Data extract ->
-------------------------

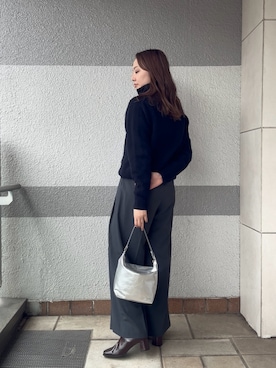 「ハーフジップ」｜sakamotoさん（レディース・160cm）の秋コーディネート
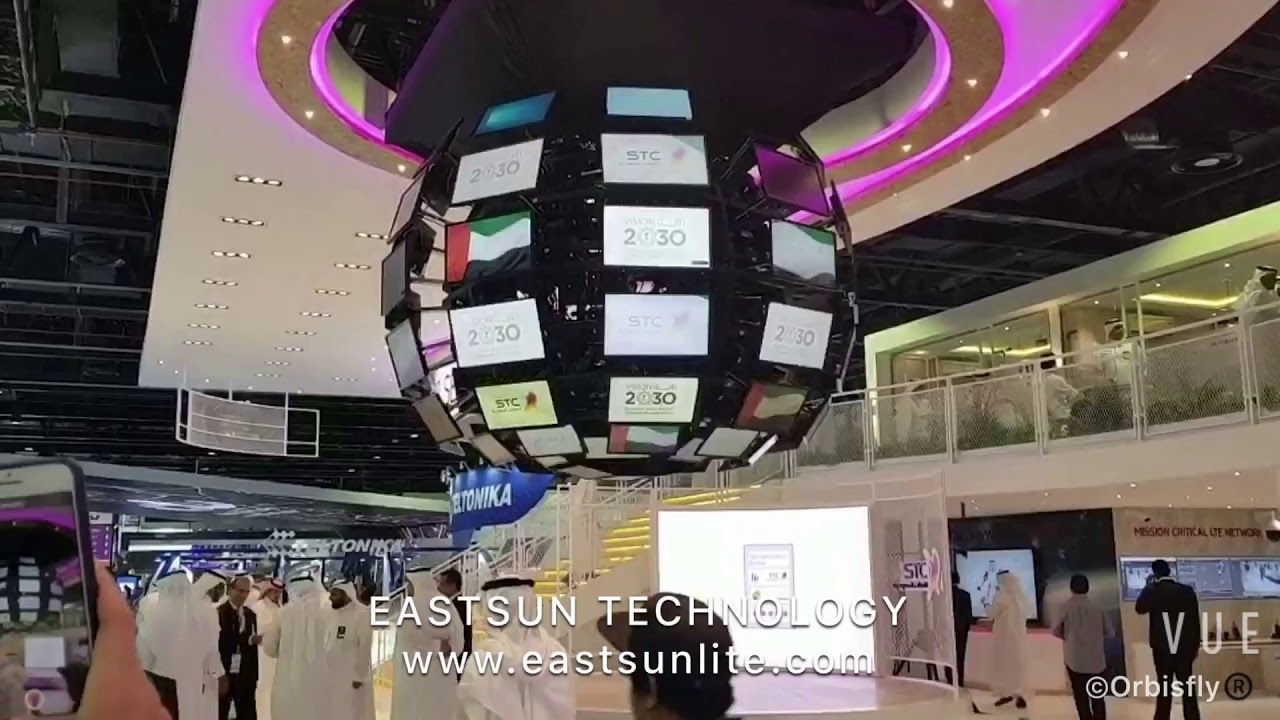 Kinetic Led Screen Earth Youtube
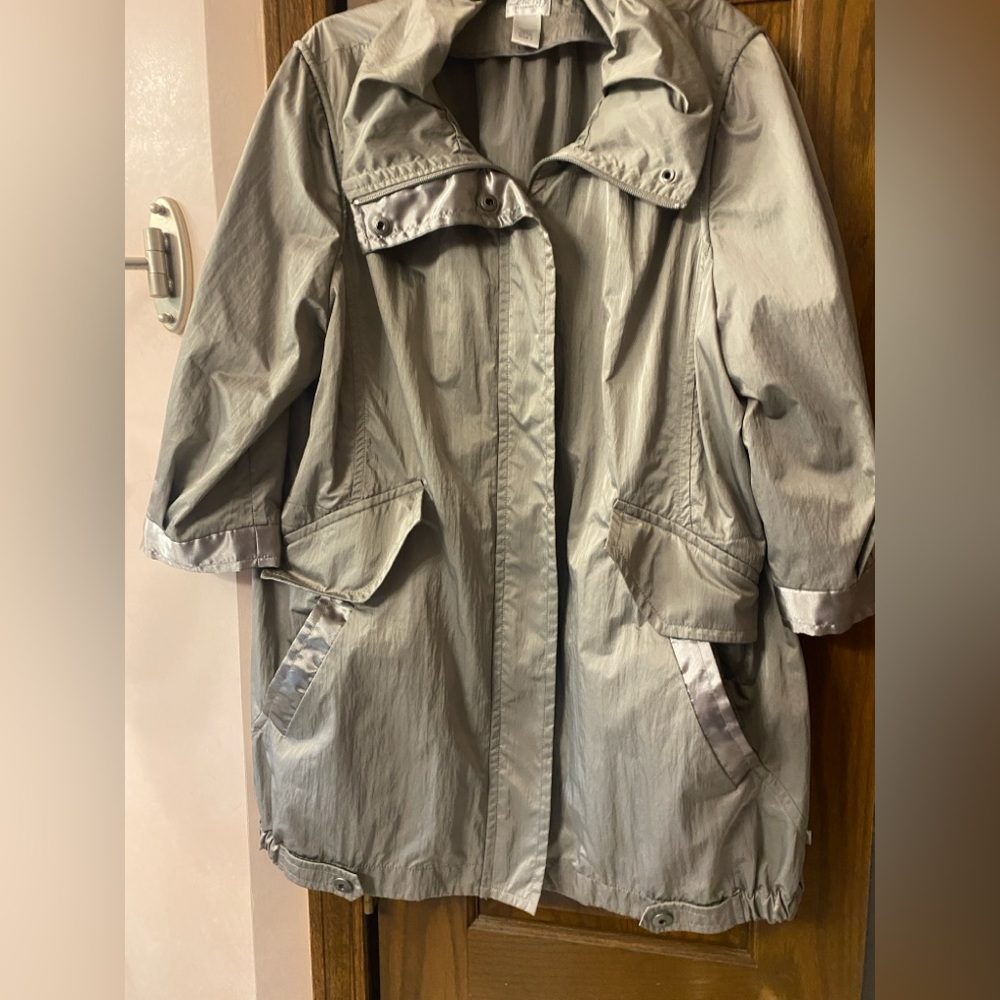 Chicos ZENERGY jacket 3/4 sleeve xl 3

-------------------------

Task brief ->
Output, exactly and only: the line containing "Kinetic Led Screen Earth Youtube", the last line of the listing above, and every line in between. Leave the pictures out.

Response for this exercise ->
 Kinetic Led Screen Earth Youtube
 Chicos ZENERGY jacket 3/4 sleeve xl 3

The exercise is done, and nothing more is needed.